Aim of the task: Once you reach the line with "SLIGHTLY USED J." below, copy each line exactly, stopping after the line with "Glowing Green Background vector", and skip any pictures.

Provided records:
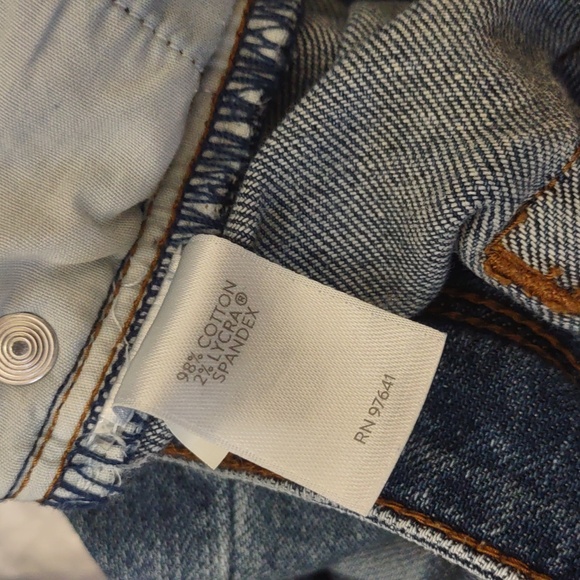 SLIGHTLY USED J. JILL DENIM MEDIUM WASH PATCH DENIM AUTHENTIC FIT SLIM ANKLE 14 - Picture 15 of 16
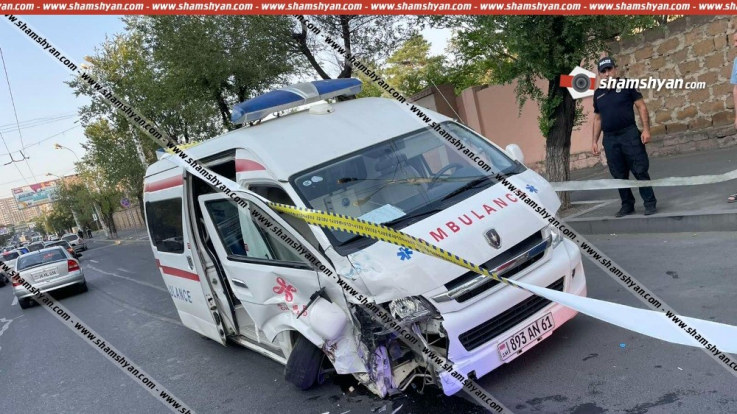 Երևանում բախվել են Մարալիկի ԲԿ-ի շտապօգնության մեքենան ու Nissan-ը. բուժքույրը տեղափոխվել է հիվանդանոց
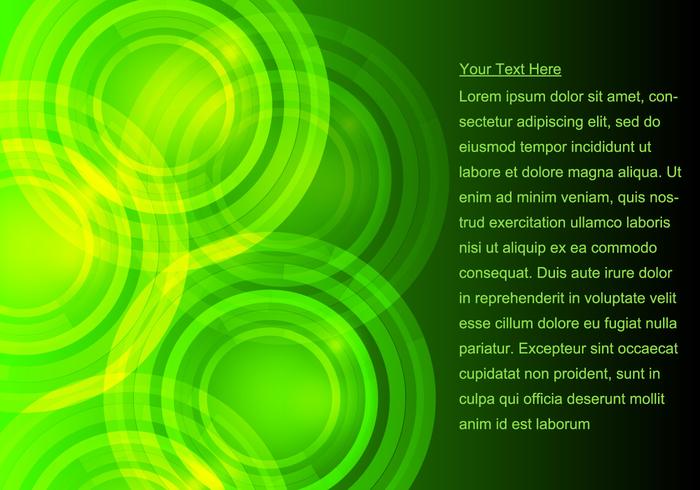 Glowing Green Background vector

--

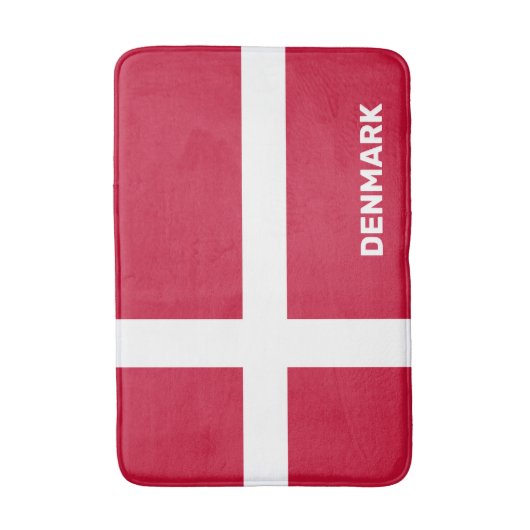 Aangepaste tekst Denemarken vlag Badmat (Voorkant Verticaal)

--

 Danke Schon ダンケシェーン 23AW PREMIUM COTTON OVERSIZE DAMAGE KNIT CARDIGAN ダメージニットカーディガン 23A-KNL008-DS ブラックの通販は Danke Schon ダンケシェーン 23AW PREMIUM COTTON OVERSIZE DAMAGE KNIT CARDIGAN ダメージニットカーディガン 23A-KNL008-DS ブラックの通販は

Exercise response:
 SLIGHTLY USED J. JILL DENIM MEDIUM WASH PATCH DENIM AUTHENTIC FIT SLIM ANKLE 14 - Picture 15 of 16
 Երևանում բախվել են Մարալիկի ԲԿ-ի շտապօգնության մեքենան ու Nissan-ը. բուժքույրը տեղափոխվել է հիվանդանոց
 Glowing Green Background vector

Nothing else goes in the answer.